The Farmer’s Table
205 Commercial St., Portland
In the seven years since I moved to Portland, the pale-yellow brick building at the corner of Commercial and Dana streets has housed no fewer than four different restaurants — five if you count the two different owners of Mim’s. It certainly looks like a good place to operate an eatery, with its waterfront location and sweet upstairs/downstairs twin patios, but for some reason the building seems cursed.

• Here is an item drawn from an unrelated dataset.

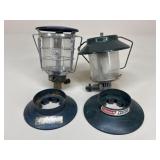 Coleman/Schott Suprax Propane Lantern Tops / 2 pc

That obviously hasn’t dissuaded chef/owner Jeff Landry from trying his hand at righting this damaged battleship. Prior to opening The Farmer’s Table this March, Landry already had a solid résumé. He’s manned the kitchen at the Harraseeket Inn in Freeport and worked as the executive chef at both Cinque Terre and, most recently, Eve’s at the Garden. So when I found out he had taken over the old Mim’s space, I figured it was worth checking out the weekend brunch.
My wife, 5-year-old daughter and I dropped in on a recent Sunday, shortly after noon. We were immediately led to one of several empty tables (the place will undoubtedly fill up earlier once tourist season begins in earnest). Our waitress brought two cups of strong, dark coffee before I had finished taking off my jacket. Good sign.
Taking advantage of the late hour, I cheerfully requested a Bloody Mary, my favorite afternoon, non-caffeinated, brunch beverage. It arrived a few minutes later garnished with two giant green olives completely submerged in the drink, so only the wooden skewer showed above the surface. If I may borrow a “phrase” from the tweeting vernacular: WTF? Garnish aside, the drink was a sad specimen. The horseradish overpowered all the other flavors. I pushed it aside and turned my attention to the menu.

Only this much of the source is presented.